Bible Readings:  Hosea 8-14  


Background:   


Hosea is largely written against the Israelite Tribe of Ephraim. Today's reading contains a series of oracles - prophetic words - against Israel/Ephraim, ending in a word of hope. Hosea's prophecy is the first to compare marriage to the human relationship with God.

Daily Devotional:  A God Who Judges

"It isn't my fault."
"It was just bad luck."
"They did it first."
"I'm only human."

We are so often people of excuses, rationalizations, and justifications. We push the blame off on others and we deny our culpability for sin. Evidently, this was a problem with Israel (and Judah) as well. They had been told that God would bless them if they were obedient but that their sin would bring the judgment of devastating consequences. Yet, when Israel began to suffer for their wickedness and idolatry - in exact measure as Leviticus and Deuteronomy had predicted - they were dumbfounded that their sin could possibly be the cause of their problems. They were the chosen people, special to God. Surely he wouldn't let this happen.

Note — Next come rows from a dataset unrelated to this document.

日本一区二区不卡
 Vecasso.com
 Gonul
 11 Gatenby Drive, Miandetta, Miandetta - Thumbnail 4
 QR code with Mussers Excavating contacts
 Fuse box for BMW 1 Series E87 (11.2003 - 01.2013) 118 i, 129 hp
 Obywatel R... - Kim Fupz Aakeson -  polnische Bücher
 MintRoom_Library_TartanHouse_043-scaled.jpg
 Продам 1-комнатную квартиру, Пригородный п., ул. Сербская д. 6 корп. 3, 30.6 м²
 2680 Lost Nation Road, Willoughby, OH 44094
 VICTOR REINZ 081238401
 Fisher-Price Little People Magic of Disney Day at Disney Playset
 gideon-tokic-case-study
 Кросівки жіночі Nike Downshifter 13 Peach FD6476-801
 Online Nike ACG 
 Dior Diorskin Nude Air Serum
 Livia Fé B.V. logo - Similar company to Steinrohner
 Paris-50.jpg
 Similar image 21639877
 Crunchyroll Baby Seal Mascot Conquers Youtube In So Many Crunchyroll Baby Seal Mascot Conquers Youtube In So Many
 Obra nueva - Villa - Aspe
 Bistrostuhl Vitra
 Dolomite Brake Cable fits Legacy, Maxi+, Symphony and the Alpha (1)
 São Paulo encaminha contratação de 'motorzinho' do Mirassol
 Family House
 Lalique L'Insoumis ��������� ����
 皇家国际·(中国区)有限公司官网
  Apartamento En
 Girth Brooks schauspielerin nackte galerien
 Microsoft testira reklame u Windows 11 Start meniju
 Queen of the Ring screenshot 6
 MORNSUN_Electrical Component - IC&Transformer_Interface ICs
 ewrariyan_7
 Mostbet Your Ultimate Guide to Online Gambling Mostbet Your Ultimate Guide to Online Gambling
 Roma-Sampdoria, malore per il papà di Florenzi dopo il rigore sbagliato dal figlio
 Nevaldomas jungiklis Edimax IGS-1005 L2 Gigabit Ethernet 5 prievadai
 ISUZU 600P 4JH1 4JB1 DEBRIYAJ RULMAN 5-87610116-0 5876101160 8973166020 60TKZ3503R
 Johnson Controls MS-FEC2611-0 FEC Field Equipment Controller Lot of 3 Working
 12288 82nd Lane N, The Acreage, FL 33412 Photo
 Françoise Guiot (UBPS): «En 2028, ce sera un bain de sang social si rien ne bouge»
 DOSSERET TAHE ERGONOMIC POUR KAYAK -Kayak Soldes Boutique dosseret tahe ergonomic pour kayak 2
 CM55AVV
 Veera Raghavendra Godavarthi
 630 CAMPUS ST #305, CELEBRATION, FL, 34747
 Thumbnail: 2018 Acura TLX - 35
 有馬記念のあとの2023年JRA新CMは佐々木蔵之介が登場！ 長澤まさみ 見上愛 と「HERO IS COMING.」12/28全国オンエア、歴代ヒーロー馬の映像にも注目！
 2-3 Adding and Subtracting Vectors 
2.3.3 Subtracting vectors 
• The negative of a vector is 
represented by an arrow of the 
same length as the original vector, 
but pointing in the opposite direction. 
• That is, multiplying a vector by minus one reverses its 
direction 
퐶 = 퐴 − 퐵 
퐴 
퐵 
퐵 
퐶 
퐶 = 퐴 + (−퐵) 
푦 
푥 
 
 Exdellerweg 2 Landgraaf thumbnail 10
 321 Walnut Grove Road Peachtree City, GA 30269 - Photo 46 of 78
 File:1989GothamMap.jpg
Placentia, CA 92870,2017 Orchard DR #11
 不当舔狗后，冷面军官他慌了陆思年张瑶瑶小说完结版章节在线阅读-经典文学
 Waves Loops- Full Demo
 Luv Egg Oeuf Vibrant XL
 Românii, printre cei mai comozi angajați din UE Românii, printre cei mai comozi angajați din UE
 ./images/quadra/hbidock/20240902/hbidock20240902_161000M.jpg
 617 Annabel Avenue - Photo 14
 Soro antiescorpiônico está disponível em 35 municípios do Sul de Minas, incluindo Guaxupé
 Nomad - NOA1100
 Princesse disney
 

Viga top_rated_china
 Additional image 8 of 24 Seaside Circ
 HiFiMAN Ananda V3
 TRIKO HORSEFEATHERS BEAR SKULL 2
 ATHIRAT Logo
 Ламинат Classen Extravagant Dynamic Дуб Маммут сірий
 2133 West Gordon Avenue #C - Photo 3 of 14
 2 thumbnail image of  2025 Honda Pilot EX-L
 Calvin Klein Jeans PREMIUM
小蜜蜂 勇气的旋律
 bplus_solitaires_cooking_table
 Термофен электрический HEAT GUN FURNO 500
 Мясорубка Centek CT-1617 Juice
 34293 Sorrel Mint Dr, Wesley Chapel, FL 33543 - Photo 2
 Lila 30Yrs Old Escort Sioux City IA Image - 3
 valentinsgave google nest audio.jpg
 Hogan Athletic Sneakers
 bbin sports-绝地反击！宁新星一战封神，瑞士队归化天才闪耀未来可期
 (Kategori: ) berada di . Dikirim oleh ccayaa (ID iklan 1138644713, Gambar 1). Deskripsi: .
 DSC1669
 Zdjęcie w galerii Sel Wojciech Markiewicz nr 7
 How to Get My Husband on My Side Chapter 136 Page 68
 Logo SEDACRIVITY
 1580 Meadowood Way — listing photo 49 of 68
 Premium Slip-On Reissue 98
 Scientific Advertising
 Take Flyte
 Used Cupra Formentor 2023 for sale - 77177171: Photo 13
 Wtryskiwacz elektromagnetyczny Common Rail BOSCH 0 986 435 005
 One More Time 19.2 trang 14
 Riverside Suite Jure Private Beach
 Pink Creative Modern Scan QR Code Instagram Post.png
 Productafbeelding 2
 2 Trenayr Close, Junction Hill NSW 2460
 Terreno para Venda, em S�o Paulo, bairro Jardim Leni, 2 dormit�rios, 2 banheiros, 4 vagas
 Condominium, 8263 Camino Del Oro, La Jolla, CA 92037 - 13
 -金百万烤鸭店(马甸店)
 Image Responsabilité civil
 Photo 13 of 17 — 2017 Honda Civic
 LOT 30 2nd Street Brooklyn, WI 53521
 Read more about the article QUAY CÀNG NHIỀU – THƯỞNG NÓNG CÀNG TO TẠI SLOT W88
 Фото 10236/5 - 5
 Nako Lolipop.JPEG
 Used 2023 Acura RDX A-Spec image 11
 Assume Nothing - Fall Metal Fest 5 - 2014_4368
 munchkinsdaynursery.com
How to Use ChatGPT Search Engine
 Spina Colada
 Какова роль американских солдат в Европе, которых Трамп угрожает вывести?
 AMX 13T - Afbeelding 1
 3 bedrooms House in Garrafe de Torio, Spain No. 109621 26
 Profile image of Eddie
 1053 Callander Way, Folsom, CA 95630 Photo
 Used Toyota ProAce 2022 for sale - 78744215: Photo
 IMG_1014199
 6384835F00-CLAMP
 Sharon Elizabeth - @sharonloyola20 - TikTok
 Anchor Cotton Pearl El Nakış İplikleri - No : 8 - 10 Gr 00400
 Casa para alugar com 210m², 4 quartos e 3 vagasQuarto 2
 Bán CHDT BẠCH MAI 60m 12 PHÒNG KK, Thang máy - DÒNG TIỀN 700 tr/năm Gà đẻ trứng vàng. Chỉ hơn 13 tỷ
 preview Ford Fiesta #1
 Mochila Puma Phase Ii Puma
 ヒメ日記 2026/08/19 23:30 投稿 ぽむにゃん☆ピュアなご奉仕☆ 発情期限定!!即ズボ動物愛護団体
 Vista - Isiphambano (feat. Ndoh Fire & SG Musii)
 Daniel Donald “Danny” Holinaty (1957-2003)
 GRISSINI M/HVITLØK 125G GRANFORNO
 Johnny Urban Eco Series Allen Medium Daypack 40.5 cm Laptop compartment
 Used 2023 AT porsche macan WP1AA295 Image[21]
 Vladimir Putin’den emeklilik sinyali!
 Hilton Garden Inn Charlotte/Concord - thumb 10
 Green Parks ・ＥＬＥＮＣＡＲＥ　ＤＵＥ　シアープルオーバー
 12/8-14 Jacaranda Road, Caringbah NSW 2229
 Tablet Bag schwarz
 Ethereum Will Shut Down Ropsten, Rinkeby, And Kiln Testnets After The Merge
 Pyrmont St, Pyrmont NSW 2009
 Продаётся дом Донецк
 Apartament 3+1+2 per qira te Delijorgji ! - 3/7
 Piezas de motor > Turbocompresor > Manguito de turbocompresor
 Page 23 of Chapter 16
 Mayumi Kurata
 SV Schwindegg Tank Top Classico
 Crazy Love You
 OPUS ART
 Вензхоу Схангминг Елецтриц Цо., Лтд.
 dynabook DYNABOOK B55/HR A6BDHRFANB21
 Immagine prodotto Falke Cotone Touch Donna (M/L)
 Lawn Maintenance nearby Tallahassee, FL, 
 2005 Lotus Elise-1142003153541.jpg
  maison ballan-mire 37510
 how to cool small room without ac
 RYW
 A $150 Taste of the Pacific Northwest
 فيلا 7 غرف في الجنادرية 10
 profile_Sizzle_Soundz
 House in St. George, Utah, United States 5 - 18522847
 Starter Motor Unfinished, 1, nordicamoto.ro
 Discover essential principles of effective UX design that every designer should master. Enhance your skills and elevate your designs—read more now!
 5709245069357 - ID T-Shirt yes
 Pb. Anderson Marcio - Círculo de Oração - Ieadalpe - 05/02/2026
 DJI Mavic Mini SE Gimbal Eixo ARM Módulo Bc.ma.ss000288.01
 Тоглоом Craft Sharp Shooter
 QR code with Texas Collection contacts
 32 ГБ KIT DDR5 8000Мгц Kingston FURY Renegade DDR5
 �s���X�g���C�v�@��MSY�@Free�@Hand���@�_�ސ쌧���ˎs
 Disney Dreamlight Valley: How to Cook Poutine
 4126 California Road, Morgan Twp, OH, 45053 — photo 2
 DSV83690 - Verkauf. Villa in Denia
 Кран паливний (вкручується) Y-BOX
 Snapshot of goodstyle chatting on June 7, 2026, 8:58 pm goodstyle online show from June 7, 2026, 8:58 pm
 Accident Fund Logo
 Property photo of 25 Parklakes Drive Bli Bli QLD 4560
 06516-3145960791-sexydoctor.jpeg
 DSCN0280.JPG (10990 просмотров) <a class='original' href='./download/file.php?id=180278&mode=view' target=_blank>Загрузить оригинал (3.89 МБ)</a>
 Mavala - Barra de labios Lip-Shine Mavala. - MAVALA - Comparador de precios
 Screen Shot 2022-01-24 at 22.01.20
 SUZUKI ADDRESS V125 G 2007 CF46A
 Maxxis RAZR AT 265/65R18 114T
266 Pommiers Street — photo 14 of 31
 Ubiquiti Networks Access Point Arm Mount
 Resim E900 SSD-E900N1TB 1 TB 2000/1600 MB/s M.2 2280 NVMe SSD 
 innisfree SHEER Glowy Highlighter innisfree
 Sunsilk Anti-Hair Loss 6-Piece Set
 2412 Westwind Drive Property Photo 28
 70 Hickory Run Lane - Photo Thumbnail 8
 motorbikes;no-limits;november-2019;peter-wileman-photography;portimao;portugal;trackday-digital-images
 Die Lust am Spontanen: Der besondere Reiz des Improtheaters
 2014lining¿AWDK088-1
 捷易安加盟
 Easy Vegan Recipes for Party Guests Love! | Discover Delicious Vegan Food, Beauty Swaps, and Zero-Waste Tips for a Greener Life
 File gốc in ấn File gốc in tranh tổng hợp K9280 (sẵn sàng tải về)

But in Hosea 10:13-15, God makes his purposes plain.

“But you have cultivated wickedness
and harvested a thriving crop of sins.
You have eaten the fruit of lies—
trusting in your military might,
believing that great armies
could make your nation safe.
14 Now the terrors of war
will rise among your people.
All your fortifications will fall,
just as when Shalman destroyed Beth-arbel.
Even mothers and children
were dashed to death there.
15 You will share that fate, Bethel,
because of your great wickedness.
When the day of judgment dawns,
the king of Israel will be completely destroyed.
They were reaping what they were sowing and the horror coming their way was laid at their own feet.

There are many reasons that we suffer. Sometimes we suffer for the sins of others. Sometimes it is just the fruit of life in a fallen world. Sometimes God is doing something we don't understand to accomplish his purpose and sometimes he is testing us. But if we look at the word of God and at our lives and realize that what is happening is tied to our choices and our actions, it does little good to attempt to deny responsibility. Better to repent and seek God - he is always gracious and just, a God willing to forgive and restore.

Father, help me to better understand what you are doing in my life and what your actions mean. 

 

Consider God's Word:

Look at the suffering and hardship going on in your life.
What might God be doing in that?
What could be the possible reasons for these?